More pertinent to the Supeman books is Action Comics. Yeah, Richard Donner. Great "get." How many comics has that guy done? What's he known for? A 30-year-old movie that wasn't very good? And who's drawing it? That guy who regularly blows deadlines? Theoretically, I can see how the new Action team could be a blockbuster—but only in theory. The truth of the matter is, if you would have just announced Kurt Busiek, Fabian Nicieza and an up-and-coming artist like Renato Guedes, you would have effectively been in the exact same boat in terms of sales and stories, only without the embarrassment of looking like a schmuck.

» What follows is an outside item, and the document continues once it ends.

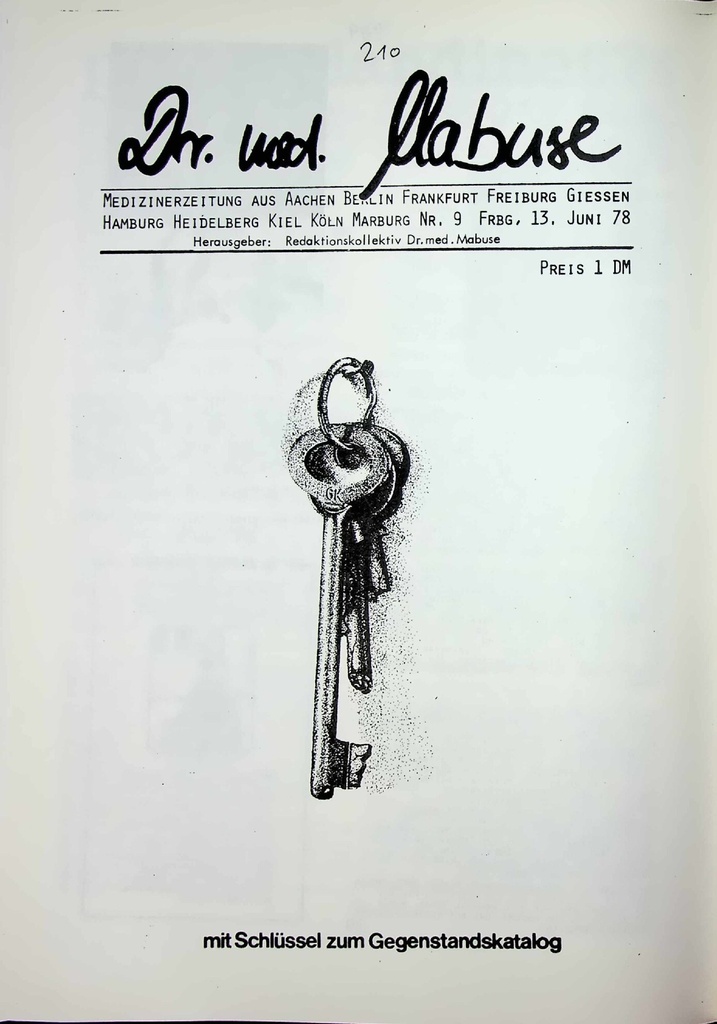 [doc_772989] Dr. med. Mabuse Heft Nr. 9-1978 – Zeitschrift für alle Gesundheitsberufe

The Donner/Johns/Kubert story, meanwhile, would have been a fine original graphic novel, the sort of thing civilians might pick up in book stores and direct market shoppers would have happily shelled out $25-$30 for…with plenty more waiting on the paperback edition (As you guys did with JLA: Earth 2, JLA/JSA: Virtue and Vice and the Bizarro anthologies).

That way, the high profile team's work would be in addition to the Superman books, rather than replacing them all with...nothing, since the Donner/Johns/Kubert story never comes out anyway.

I suppose hindsight's always 20/20, but Donner and Kubert on DC's flagship monthly? That's just crazy.

The other solution requires planning ahead, and that is to build into your publishing strategy the fact that comic book art today is more sophisticated and takes longer to produce (In theory. Given the number of splash pages in some DC books, I have a hard time believing it actually takes more than 160 hours a month for some of these guys to produce 22 pages). Rather than announcing a single creative team and then waiting for the delays to creep up on them, hire a single writer for a single book (and if someone can't produce 12, 22-page scripts of mainstream, DCU superhero comics—as Heinberg seemed to have trouble with, and Jeph Loeb was having some difficulty with—than they probably shouldn't be working on mainstream, DCU superhero comics.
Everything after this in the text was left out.